Movie-trailer pitch decks and speaking VC - the dark art of the startup pitch
Here’s some advice from founders who know a thing or two about pitching.
IT IS DIFFICULT to define what exactly makes or breaks a startup, but sometimes it can come down to one pitching session.
Botching a chance to impress investors can mean your startup will have no capital, and without capital a startup can’t survive.
And in Ireland the process can be particularly cruel, with the relatively small pool of funding to go around making the scrap for investment that bit tougher.
ClearPreso founder Ed Fidgeon-Kavanagh is crafting a living out of helping startups fine tune their pitches and he tells Fora there is one trap most startups fall into when selling their idea.
“An alarmingly high amount of pitchers never articulate how they’re actually going to bring their product or service to market,” he says.
“They forget that it’s not about the idea it’s about how you’re going to make a business out of it. People want to invest in businesses, not startups.”
Speaking investors’ language
Learning how to think and speak like an investor is one definitive way to improve your pitching technique, according to InTouch co-founder Tim Arits.
He recently raised a seed round worth €150,000 from the National Digital Research Centre for his company, a cloud-based address-book app that updates your contacts’ information so you don’t have to.
When pitching, he says it is important to consider the investors’ mindset.

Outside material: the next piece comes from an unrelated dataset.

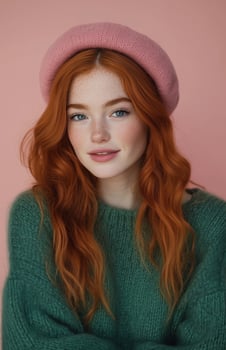 A cheerful young redhead in a green sweater and pink beret, smiling warmly photo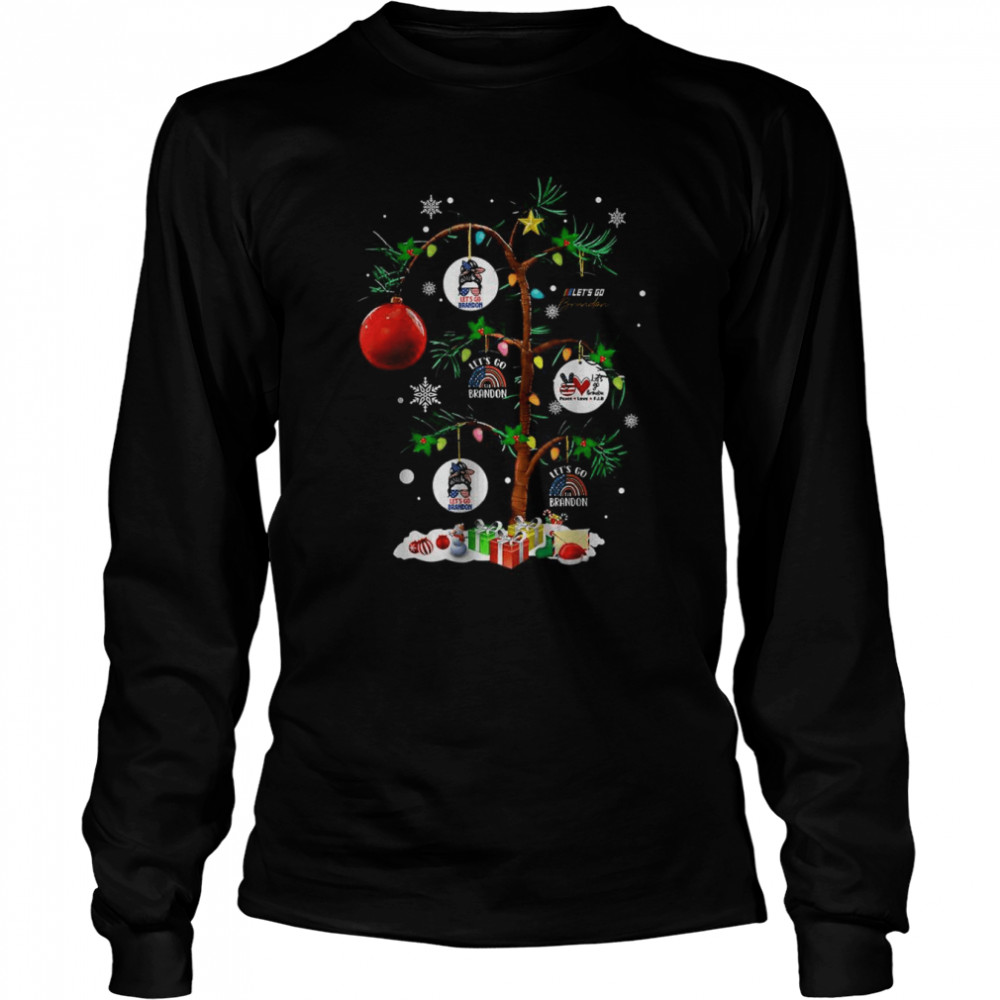 Let’s Go Brandon Christmas Tree Ornament Impeach Biden Decor T- Long Sleeved T-shirt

“There are two different fears that drive decisions for investors … the fear of missing out on a big opportunity and the fear they will invest in a company that will flop.
“In your presentation you should try to show the opportunity so that they will see that this is a big chance that’s going to change the world.
“On the other hand you try to lower the risk and give them as much information as possible to show that people will start using the product.”
Spending power
Deposify founder and chief executive Jon Bayle has just finished raising a successful €1.1 million round for his company, which specialises in handling deposits between landlords and tenants.
Bayle says too many startups get hung up on raising the gold standard €1 million and forget to break down what they intend to spend this funding on.
“It’s very rare investors get a credible explanation there and then about where the money is going to go,” he says.
“You have to ask what am I raising this for and what milestone do I want to hit.”
Movie trailer pitch deck
Since each investor surveys their options in different ways, Fidgeon-Kavanagh says it is also important to have a pitch deck for nearly every occasion.
“For a first time meeting you really have to have a movie trailer version of your pitch, quality investors are busy people and typically are always pretty tight on time.
“If people want to find out more you can have the full presentation, which should still be more short film and less Lawrence of Arabia epic.
“You’ll also need a version of your pitch you can send to people by email for those situations where you can’t meet face to face. This is the book the movie was based on.”